Efforts from the industry to tackle the compounding crises facing its future have thus far often focussed on enhancing ways to model risks, through, for example, improved data, rather than addressing the inherent risks of a model rooted in private short-term interests of carbon-intensive capital allocation and the dangers it poses to our collective future. A reordering of the insurance sector is urgently needed to ensure it no longer invests in or facilitates activities that are worsening the climate crisis and instead shifts rapidly toward 1.5°C alignment in how it insures and invests. A divestment from and refusal to insure all fossil fuel projects and companies and exclusions on fossil fuel underwriting in line with trajectory for a liveable planet will involve a fundamental shift in the current operations of the insurance industry, necessitating urgent and drastic action.

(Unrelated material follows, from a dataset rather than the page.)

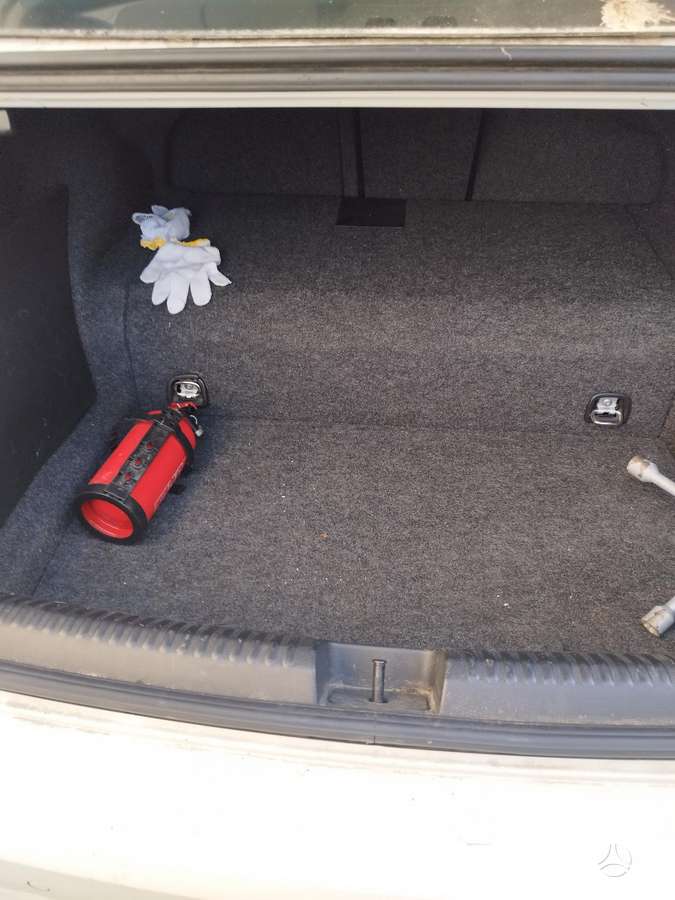Volkswagen Jetta - 10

Aligning insurance coverage with a 1.5°C pathway

Alongside an immediate end to coverage of new coal, oil and gas exploration and production, insurance and reinsurance firms should implement a phase out of existing coal, oil and gas insurance coverage in line with a 1.5°C pathway. The sector should also divest from all fossil fuels including direct assets and those managed for third parties.

Mandating climate resilient strategies from insureds

By providing insurance coverage, corporate bond investments and capital via equity, the industry not only contributes to the climate and environmental crisis but also releases future financing for fossil fuel companies. Before providing coverage or renewals, insurers should necessitate that insureds have a codified, monitored and reported on 1.5°C aligned decarbonisation strategy.

Integrating sustainability into regulation

Given the clear and evident failures of a market-led approach to move at the scale and pace required to safeguard our collective futures, the divestment from carbon-intensive projects, assets and fossil fuel sectors should be overseen by regulators, mandating the operations of insurers and reinsurers to conduct future underwriting in line within the limits set by a 1.5°C pathway.

Enhancing transparency

There is a need for public, readily accessible details surrounding insurance and insurance policies to provide a more thorough grasp of who has accountability and when, allow for scrutiny of comprehensive risk assessments – both with regards to climate and environmental impacts and workers’ safety - and, crucially, knowledge of who pays, at what point, and why.

Repealing and replacing the UK Lobbying Act to challenge corporate power

Repealing the 2014 Lobbying Act and replacing it with a new Act is vital to rebalance power between corporate, for-profit voices and those championing climate and environmental justice, as well as enhancing transparency and accountability, ensuring that financial groups’ climate-relevant lobbying and engagement activities - which often have major associated carbon footprints through the undermining of climate policy - are internally consistent, and expressly consider long-term climate risk.

Tackling the climate-related UK insurance poverty premium

The Flood Re scheme should be extended to other climate-related risks to consumers, such as storm damage, as the rate and severity of storms intensify with climate breakdown. More broadly, however, there is an urgent need to reimagine the UK’s approach to areas such as flood resilience to safeguard climate and environmental protections and mitigate harm for consumers. Introducing a comprehensive roadmap for flood prevention, for instance, can enhance land use, create flood defences, including through an enhanced and accelerated national strategy for tree planting, and boost the resilience of housing stock.

Action to tackle global climate injustice

Accountability mechanisms should be enacted, such as the establishment of comprehensive due diligence and verification mechanisms for human rights, such as the right to FPIC, as included in the UN Declaration on the Rights of Indigenous Peoples. Further, considering the compounding, interrelated harms caused by wealthy countries such as the UK through high historic and current emissions and centuries of extraction and exploitation, urgent measures are needed to assist a global transition, such as climate reparations, debt cancellation and restructuring, and action to tackle corrosive conditions attached to aid and loans.